A recently published Canadian study, however, did not show a difference in the incidence of NICU admissions or neonatal deaths during the pandemic period [17, 33]. Kugelman et al. also reported that maternal and neonatal morbidity rates were not different during the pandemic, though there was an increase in the rates of emergency birth-related interventions [12]. Our hypothesis that neonates born during the pandemic period might have had higher mortality and/or severe injury based on the published poor perinatal outcomes was not supported by our results. Neonates born during the pandemic period did not have higher rates of HIE or associated morbidities.

In our ad hoc analysis, when compared to the total live births in Canada, there was an increase in the rate of infants with HIE per 1000 live births and the rate of infants receiving TH per 1000 live births in CNN sites which may be interpreted as an increase during the pandemic period.
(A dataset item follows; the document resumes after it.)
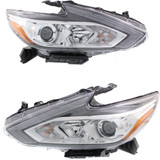 CarLights360: For 2016 NISSAN ALTIMA Headlight Assembly Chrome w/Bulbs-CAPA Certified (CLX-M1-314-11ABL-AC1-CL360A1-PARENT1)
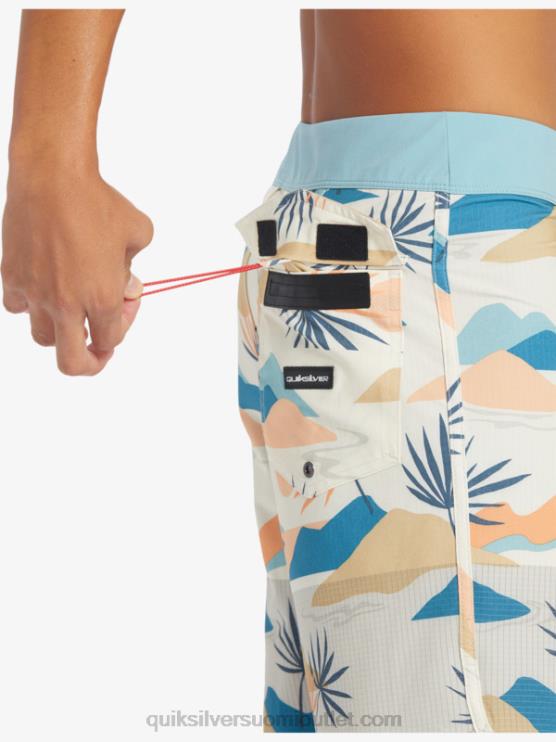 Quiksilver D6JJ29 miehet koivu highlite kampasimpukka 19 boardshortsit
However, these results should be interpreted with caution for the following reasons: (1) Neonates with mild HIE may be born in the community and did not reach level 3 NICU; (2) There might be some immediate postnatal deaths that do not reach the tertiary NICU; and (3) There might be a difference in the referral practices over the 4-year study period unrelated to the pandemic lockdown.
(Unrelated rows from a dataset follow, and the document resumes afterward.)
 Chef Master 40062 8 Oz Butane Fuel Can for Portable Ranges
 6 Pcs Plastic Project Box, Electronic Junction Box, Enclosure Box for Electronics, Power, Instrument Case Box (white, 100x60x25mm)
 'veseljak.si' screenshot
There are several potential reasons for not finding a difference in the outcomes studied. Firstly, our sample size may be inadequate as we only included neonates born during 9 months (April to December 2020). Even though we had > 300 patients in each year, it may not be enough to detect minor differences. Secondly, contrary to our speculation, access to the healthcare system may not have been as restricted. Data from the National Physician Database in Canada in 2021 showed that more patients chose virtual healthcare during the pandemic [34, 35]. Based on the data, though there was a significant shift to virtual care, patients with a higher level of morbidity were still provided appropriate healthcare through virtual platforms [34]. It is possible that in the context of the universal Canadian healthcare system and the fast adoption of virtual healthcare, pregnant women were attended to with similar rigour during the pandemic and thus did not compromise neonatal care.

Strengths and limitations

Our data extracted are population-representative and come from a robust data collection system. However, we acknowledge some limitations to our study. Data of neonates not admitted to the level 3 NICU and those who died (stillbirths or immediate postnatal deaths) at the referring centres were not captured in both periods. However, in Ontario, one of the large provinces of Canada, the stillbirth rate was not different during the pandemic period [17]. The database does not capture all the births; hence, some neonates with mild HIE cared for at level-2 units might have been missed. Referral practices also might have varied over the last 4 years; however, we did not see an increase in the incidence of mild HIE, as would be expected with increased referrals. Finally, this study did not capture the phased lockdown relaxation period in 2021; however, it is unlikely we would have seen a change given there were no differences in outcome during strict lockdown.

Conclusion

The severity of HIE, mortality, and morbidity related to HIE during the COVID-19 pandemic period in Canada was not different from that of a pre-pandemic period. Creating awareness among pregnant women about timely access to the healthcare system may have helped prevent the unmeasured, unintended complications of the pandemic lockdown. Population-based studies that tend to capture complete data would help assess the actual difference. Further studies from larger cohorts and different healthcare system settings are needed to fully understand the impact of pandemic and lockdown.